Although pictures appear in the records, the copy must leave them out and match everything else exactly.

- - - -

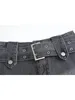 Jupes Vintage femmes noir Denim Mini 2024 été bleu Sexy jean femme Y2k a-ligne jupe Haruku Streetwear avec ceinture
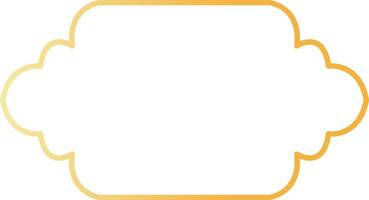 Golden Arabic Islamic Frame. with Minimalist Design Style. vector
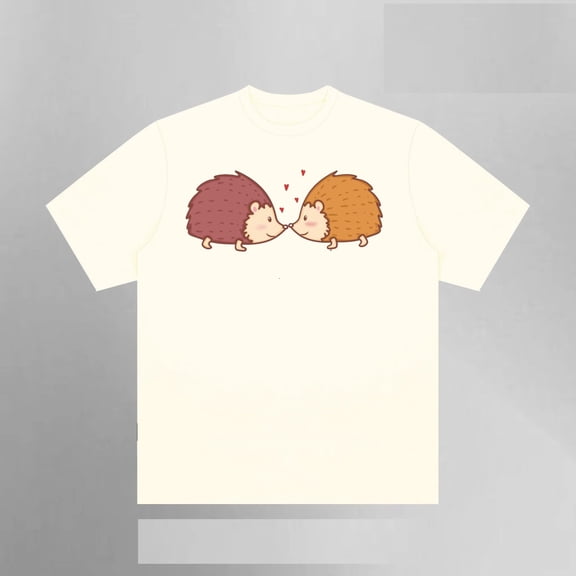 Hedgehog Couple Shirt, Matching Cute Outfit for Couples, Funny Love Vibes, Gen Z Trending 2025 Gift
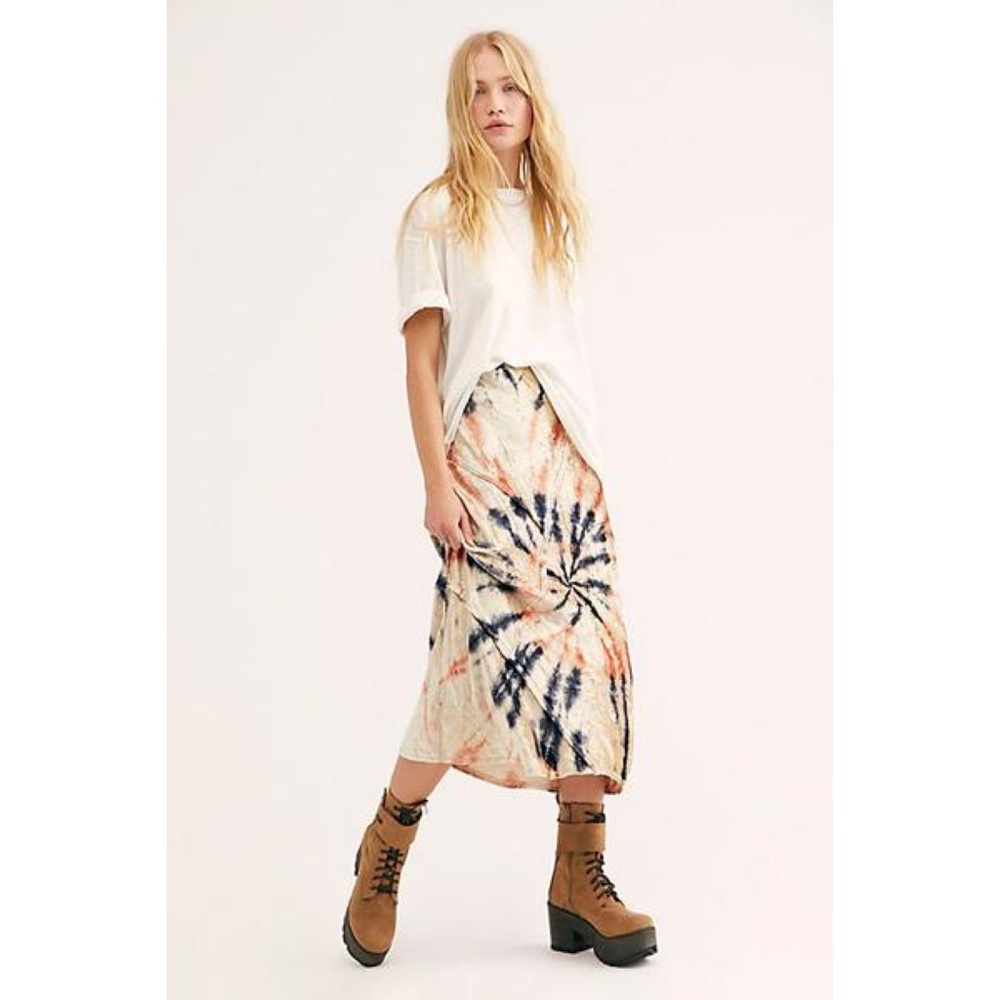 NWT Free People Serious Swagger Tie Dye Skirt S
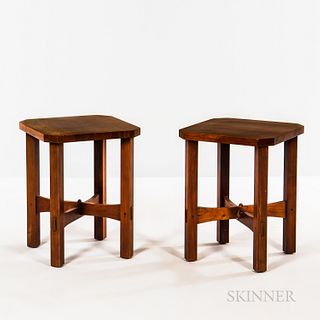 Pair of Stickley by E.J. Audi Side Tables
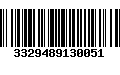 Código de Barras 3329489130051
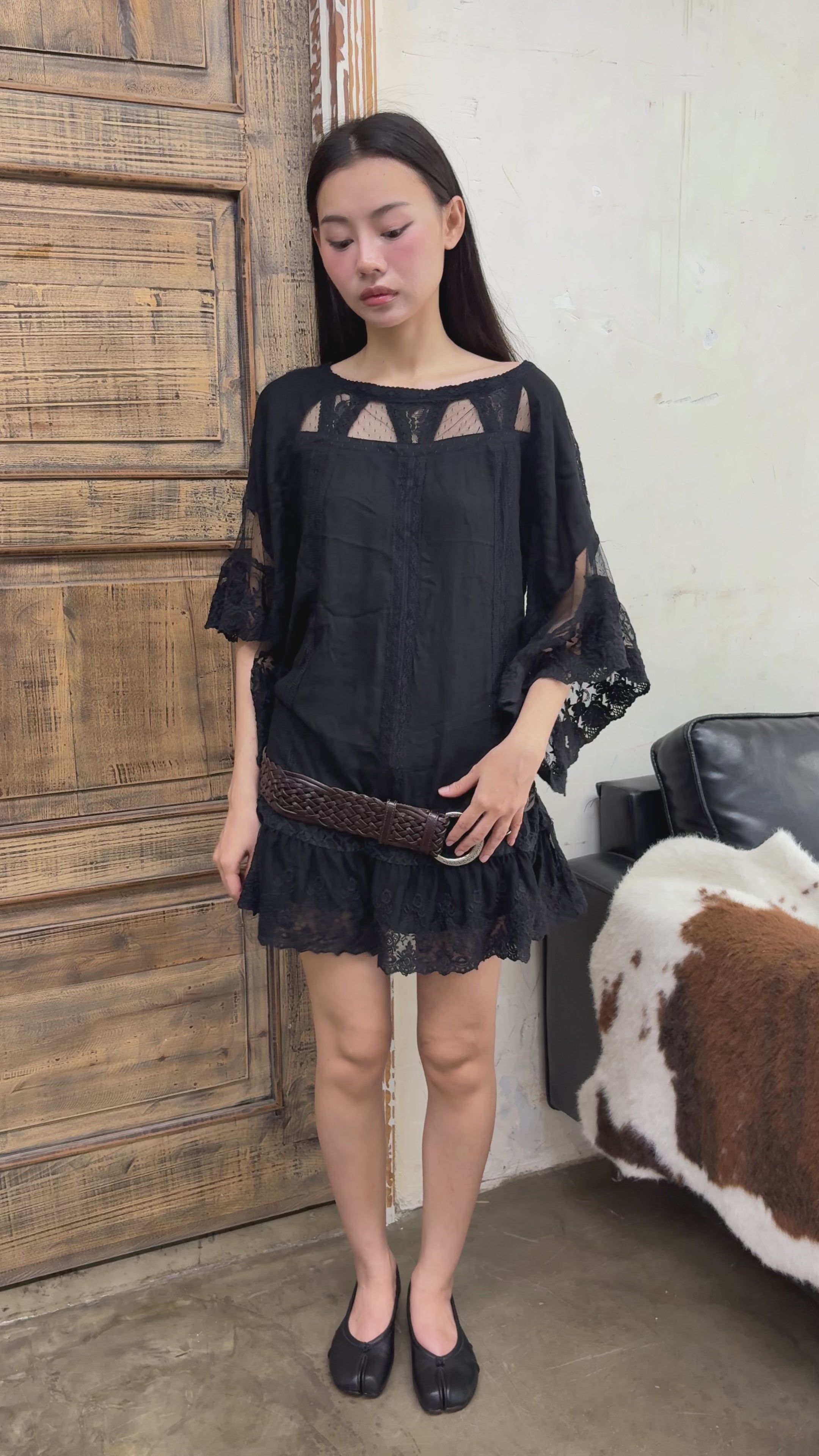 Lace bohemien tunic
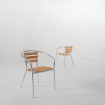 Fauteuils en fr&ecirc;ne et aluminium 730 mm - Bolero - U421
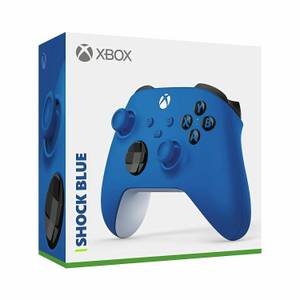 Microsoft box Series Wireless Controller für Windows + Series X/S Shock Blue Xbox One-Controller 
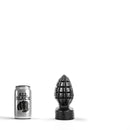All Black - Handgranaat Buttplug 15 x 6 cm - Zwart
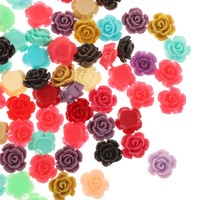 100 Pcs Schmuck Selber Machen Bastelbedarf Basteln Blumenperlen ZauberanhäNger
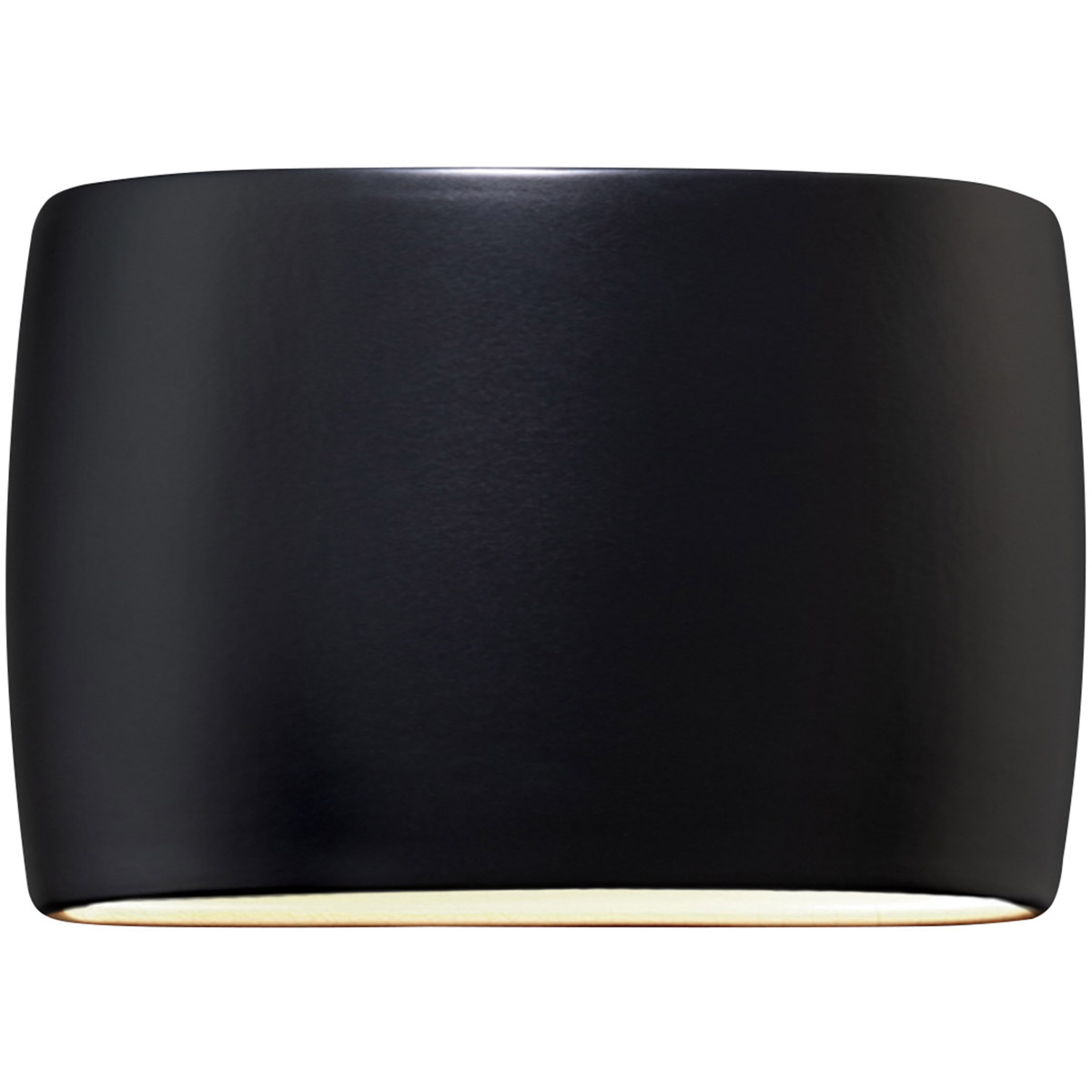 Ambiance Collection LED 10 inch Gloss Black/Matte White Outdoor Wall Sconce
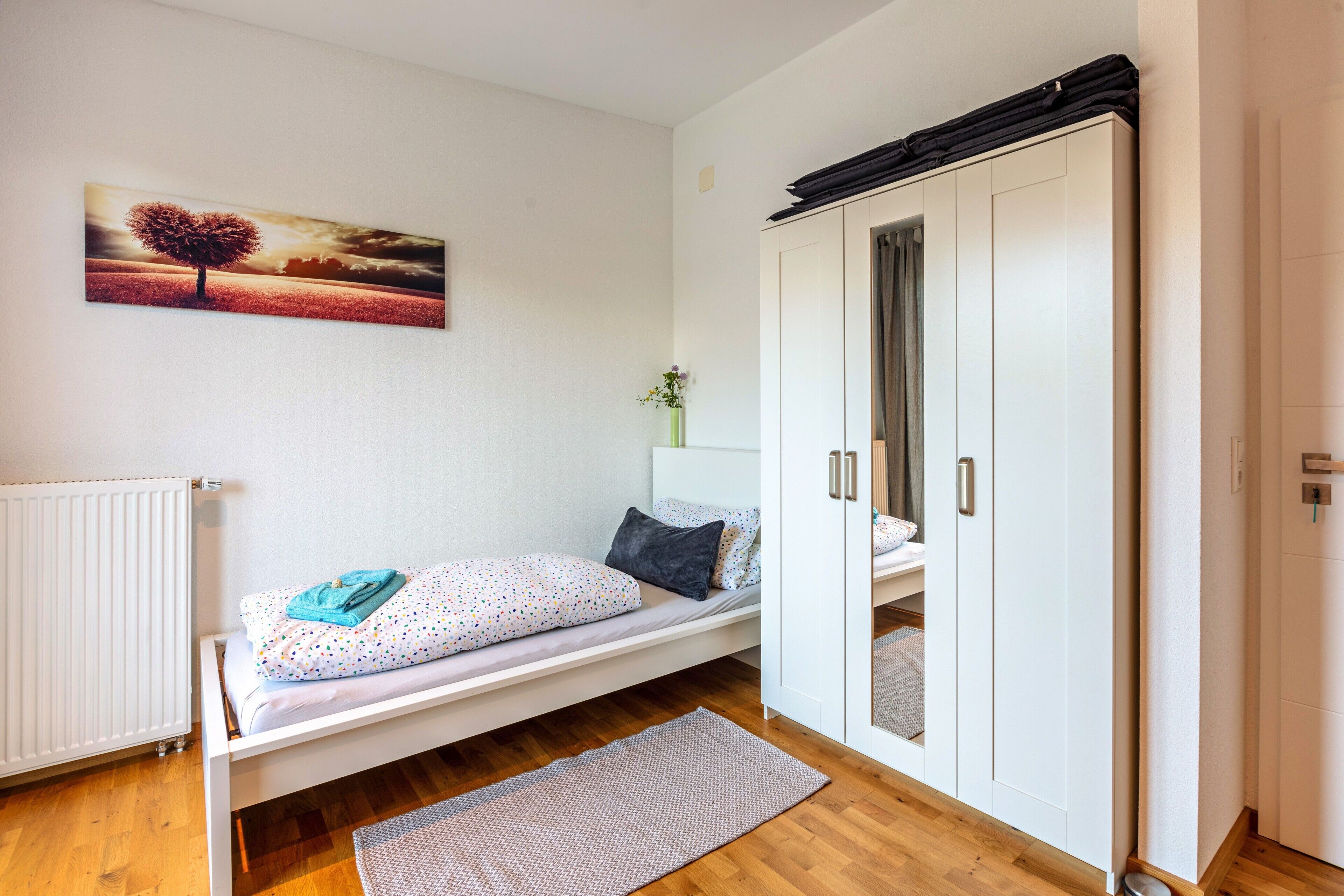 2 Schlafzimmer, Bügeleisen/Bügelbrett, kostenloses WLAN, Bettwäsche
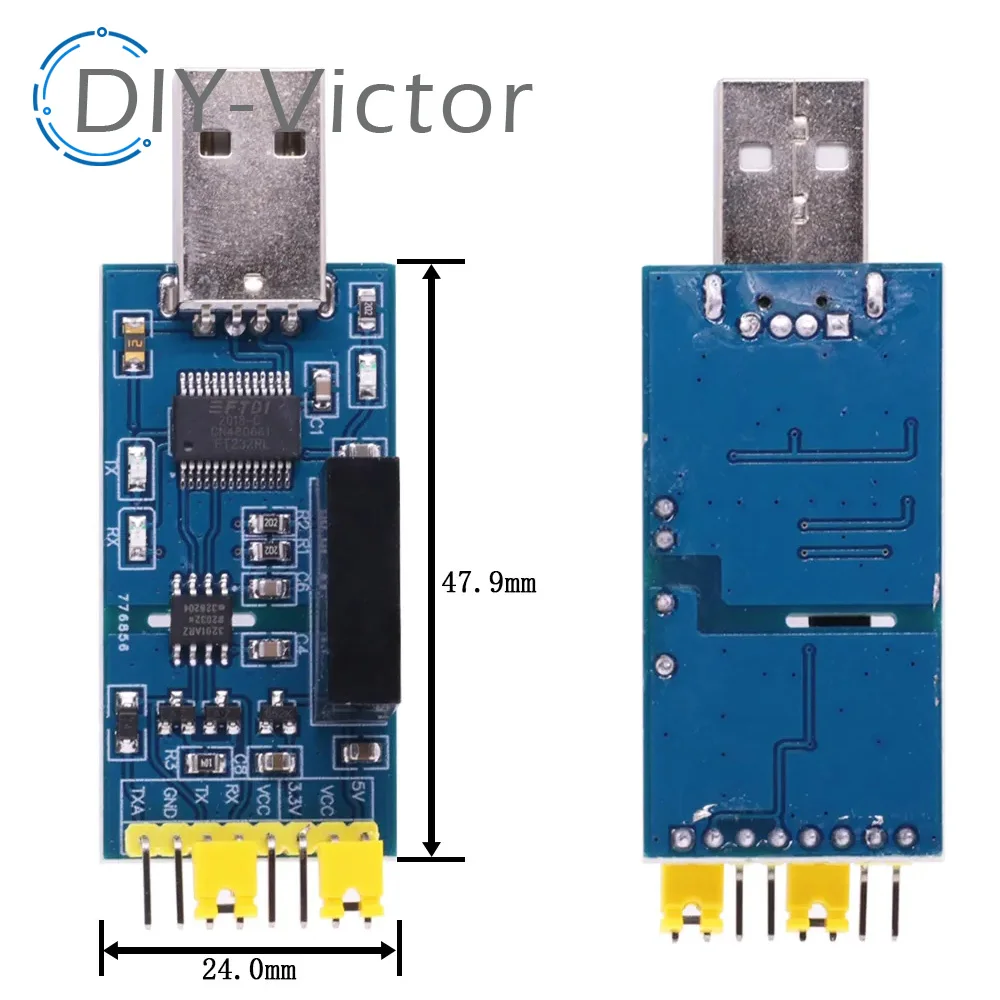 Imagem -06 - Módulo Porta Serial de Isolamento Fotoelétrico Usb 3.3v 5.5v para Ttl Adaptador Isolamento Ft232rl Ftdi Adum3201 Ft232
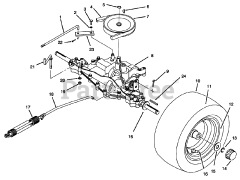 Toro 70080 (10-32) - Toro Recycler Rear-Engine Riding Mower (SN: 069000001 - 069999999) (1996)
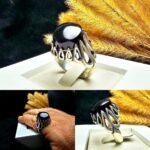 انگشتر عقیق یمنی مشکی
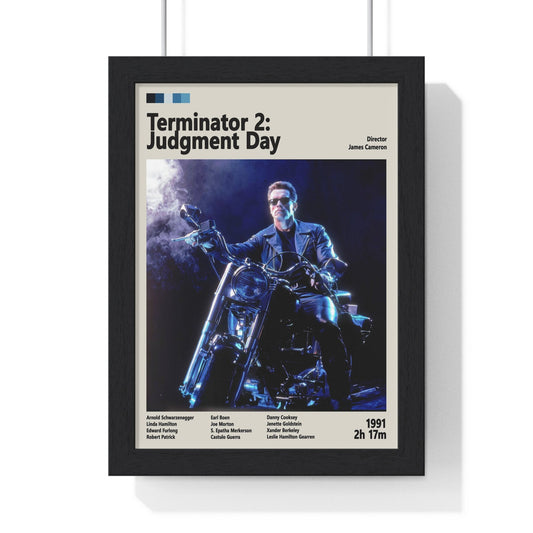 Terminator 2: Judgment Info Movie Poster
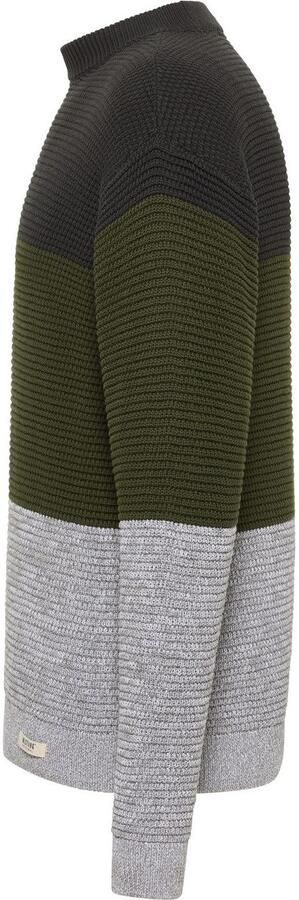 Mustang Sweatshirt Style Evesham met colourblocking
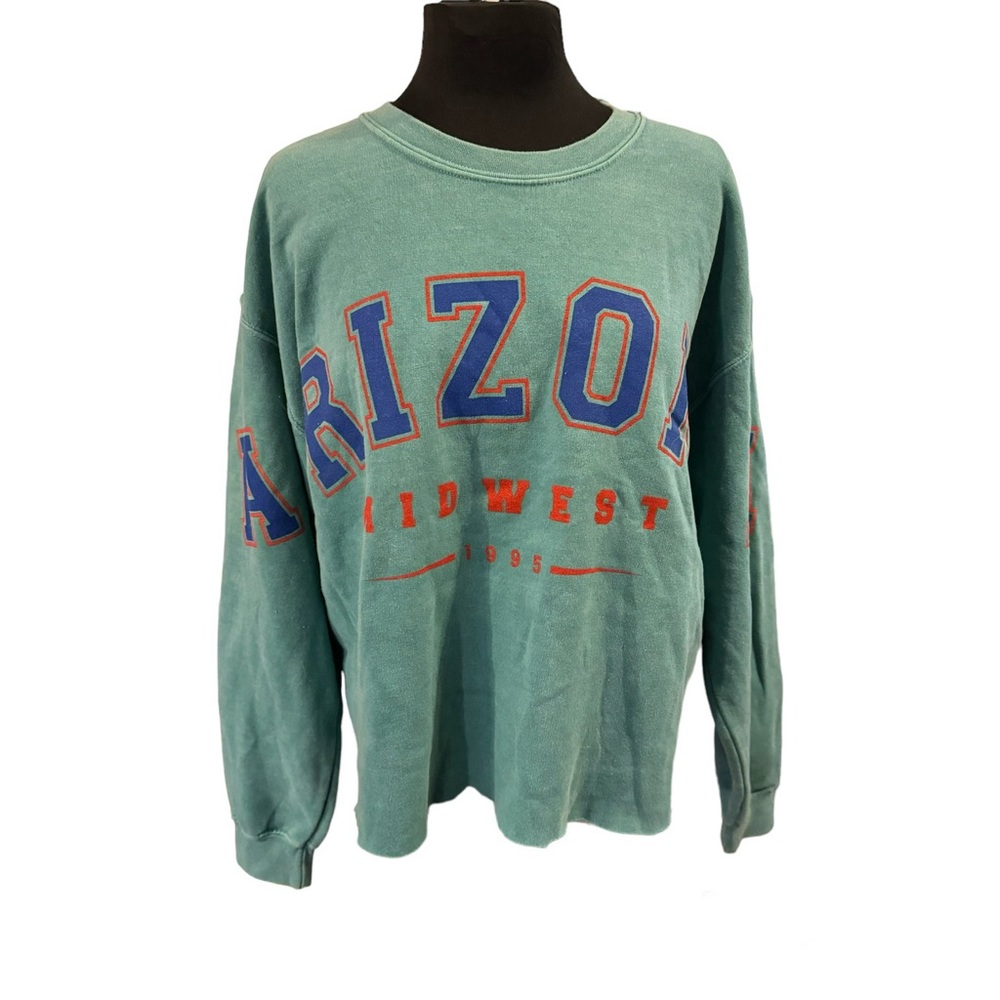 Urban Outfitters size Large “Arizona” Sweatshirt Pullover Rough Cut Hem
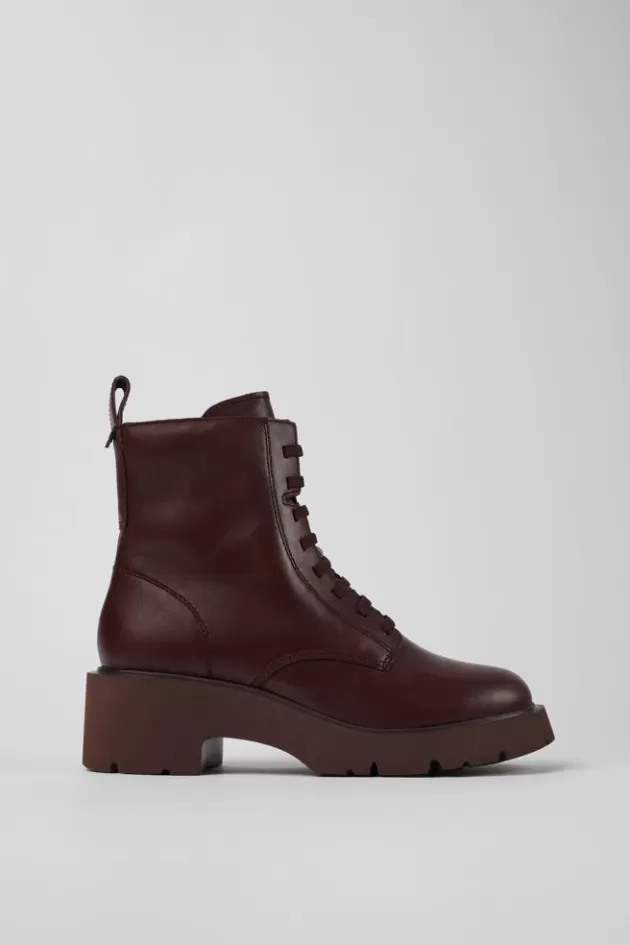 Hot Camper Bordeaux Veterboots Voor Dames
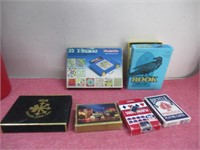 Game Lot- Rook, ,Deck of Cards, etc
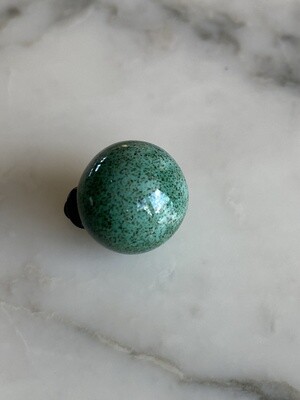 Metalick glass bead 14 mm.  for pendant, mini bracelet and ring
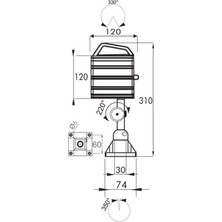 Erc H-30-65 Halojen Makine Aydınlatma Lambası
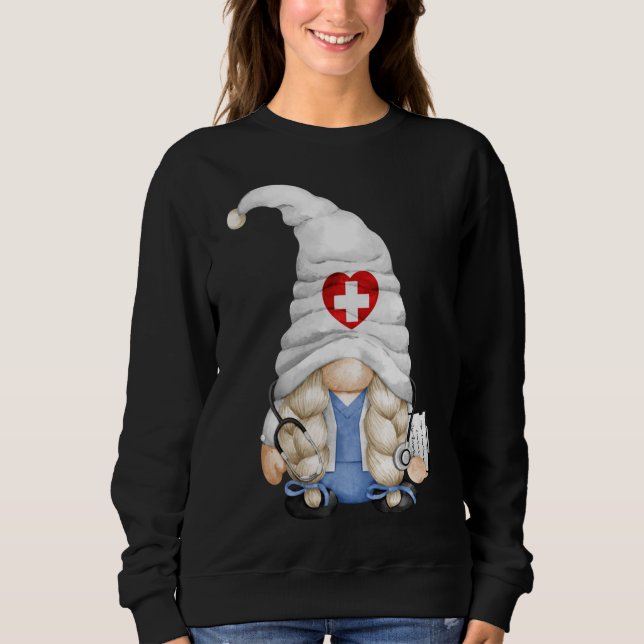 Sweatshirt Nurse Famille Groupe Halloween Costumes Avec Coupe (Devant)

- - - -

Solution for this exercise:
 Jupes Vintage femmes noir Denim Mini 2024 été bleu Sexy jean femme Y2k a-ligne jupe Haruku Streetwear avec ceinture
 Golden Arabic Islamic Frame. with Minimalist Design Style. vector
 Hedgehog Couple Shirt, Matching Cute Outfit for Couples, Funny Love Vibes, Gen Z Trending 2025 Gift
 NWT Free People Serious Swagger Tie Dye Skirt S
 Pair of Stickley by E.J. Audi Side Tables
 Código de Barras 3329489130051
 Lace bohemien tunic
 Fauteuils en fr&ecirc;ne et aluminium 730 mm - Bolero - U421
 Microsoft box Series Wireless Controller für Windows + Series X/S Shock Blue Xbox One-Controller 
All Black - Handgranaat Buttplug 15 x 6 cm - Zwart
 100 Pcs Schmuck Selber Machen Bastelbedarf Basteln Blumenperlen ZauberanhäNger
 Ambiance Collection LED 10 inch Gloss Black/Matte White Outdoor Wall Sconce
 2 Schlafzimmer, Bügeleisen/Bügelbrett, kostenloses WLAN, Bettwäsche
 Imagem -06 - Módulo Porta Serial de Isolamento Fotoelétrico Usb 3.3v 5.5v para Ttl Adaptador Isolamento Ft232rl Ftdi Adum3201 Ft232
 Toro 70080 (10-32) - Toro Recycler Rear-Engine Riding Mower (SN: 069000001 - 069999999) (1996)
 انگشتر عقیق یمنی مشکی
 Terminator 2: Judgment Info Movie Poster
 Mustang Sweatshirt Style Evesham met colourblocking
 Urban Outfitters size Large “Arizona” Sweatshirt Pullover Rough Cut Hem
 Hot Camper Bordeaux Veterboots Voor Dames
 Game Lot- Rook, ,Deck of Cards, etc
 Metalick glass bead 14 mm.  for pendant, mini bracelet and ring
 Erc H-30-65 Halojen Makine Aydınlatma Lambası
 Sweatshirt Nurse Famille Groupe Halloween Costumes Avec Coupe (Devant)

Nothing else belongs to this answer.